On the face of it, Paris St-Germain made an even better start than the Thunder. They were not merely competitive; they beat Sheffield Eagles 30-24 and did so at the Charlety Stadium in front of a crowd which, at more than 17,000, was three times as many as Gateshead attracted to their inaugural fixture. It proved a false dawn, however. Paris won only two more matches that season and, within two years, they were extinct and virtually unmourned, with crowds having slumped to a low of 500.

It sounds like a bad omen for the Thunder, but there should not be too much read into it. The two events do have more in common than locals speaking a strange language and the presence of Kath Hetherington, then a Sheffield and now a Gateshead director. Both involve winning over an alien audience for an unfamiliar sport, but there, Gateshead hope, the similarities end. There is one immediate difference. Paris's crowds that first night and subsequently were inflated by free tickets and an even more free use of the imagination.

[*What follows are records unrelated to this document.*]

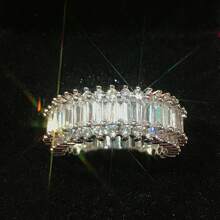 1pc Elegant Luxury Engagement Rings For Women Crystal Ring Birthday Bridal Dress-Up Female Festivals Jewlelry Gift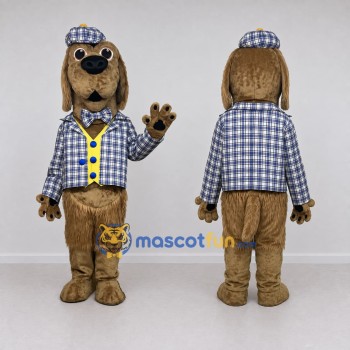 Custom Brown Blue and White Detective Dog Mascot Costume Adult Full Body Suit for Themed Events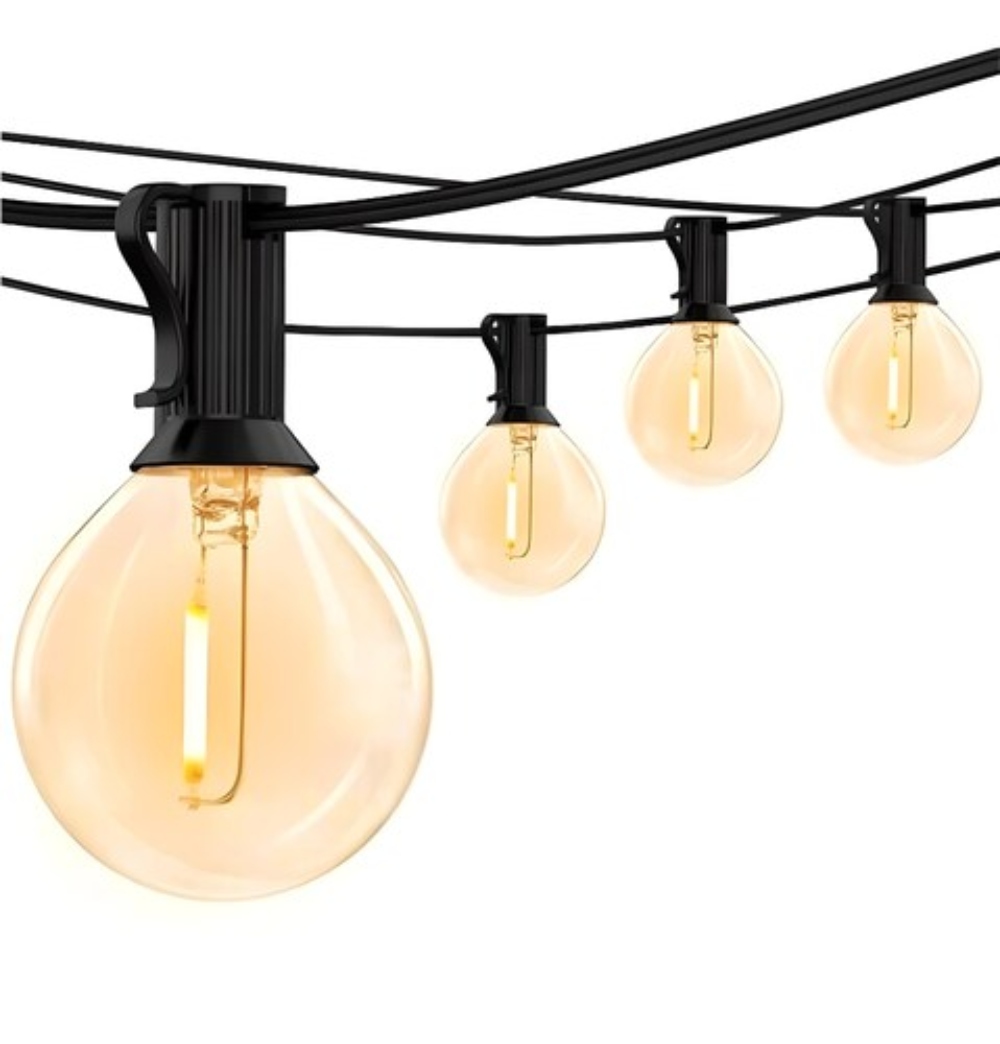 Guirnalda De Luces Para Exterior 15M  25+2 Luces Exterior, G40 Luces Para Jardín Para Exterior Impermeable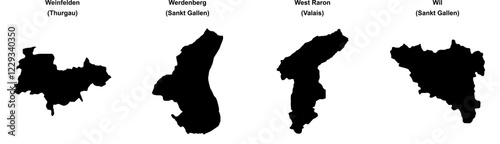 Weinfelden, Werdenberg, West Raron, Wil outline maps photo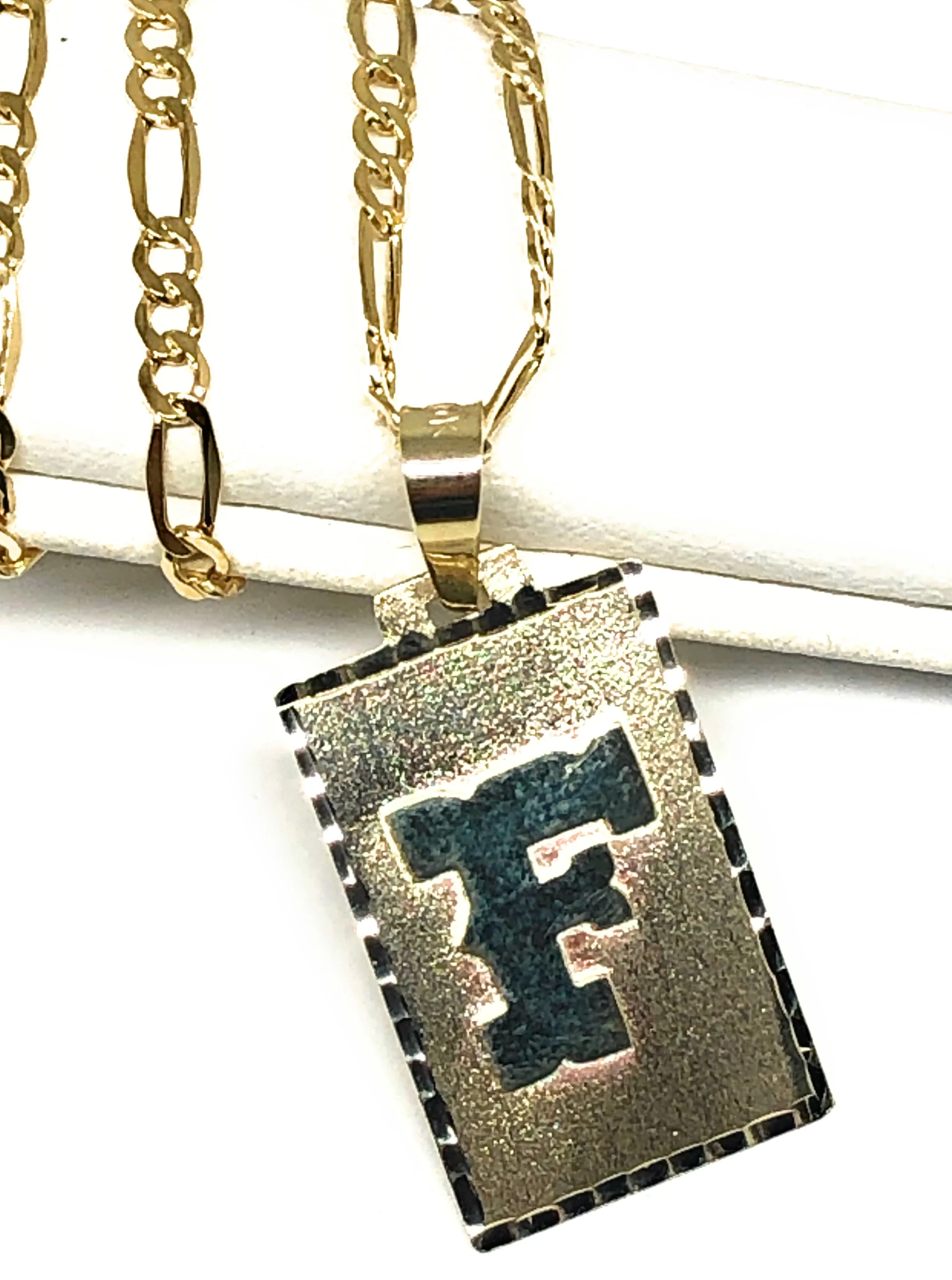10k Solid Gold Yellow Custom Initial Pendant Necklace with Chain Options - Image 8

"Everyone at Gateshead paid," said the Thunder's chief executive, Shane Richardson. Anything else would amount to the new club conning itself and, as a genuine attendance, 5,960 represents a decent base to build on.

The deck, after all, was heavily stacked against them, with a combination of live television, foul weather and Alan Shearer and Co strutting their stuff across the city. "All things considered, it was a very encouraging start," Richardson said.

The difference should be that at Gateshead, unlike Paris, a greater proportion of that opening night attendance will be back, despite their new team's 24-14 defeat by Leeds.Unlike Paris, who had deepening contractual problems with their players, Gateshead will get better.

Judging by the way they played in the wet and in their first competitive game, they will provide compelling entertainment when they get a dry track to run on and the sun on their backs.

Like the Thunder, Paris eventually brought in large numbers of Australian players - for, quite simply, there is a surplus. Deon Bird is the common link between the two, returning from Adelaide to join his second European Super League club, but that is as far as the comparison goes.

The French-based side did not have players of the calibre of Kerrod Walters, Willie Peters or Brett Grogan and, as the season goes on, the difference in quality will become more apparent.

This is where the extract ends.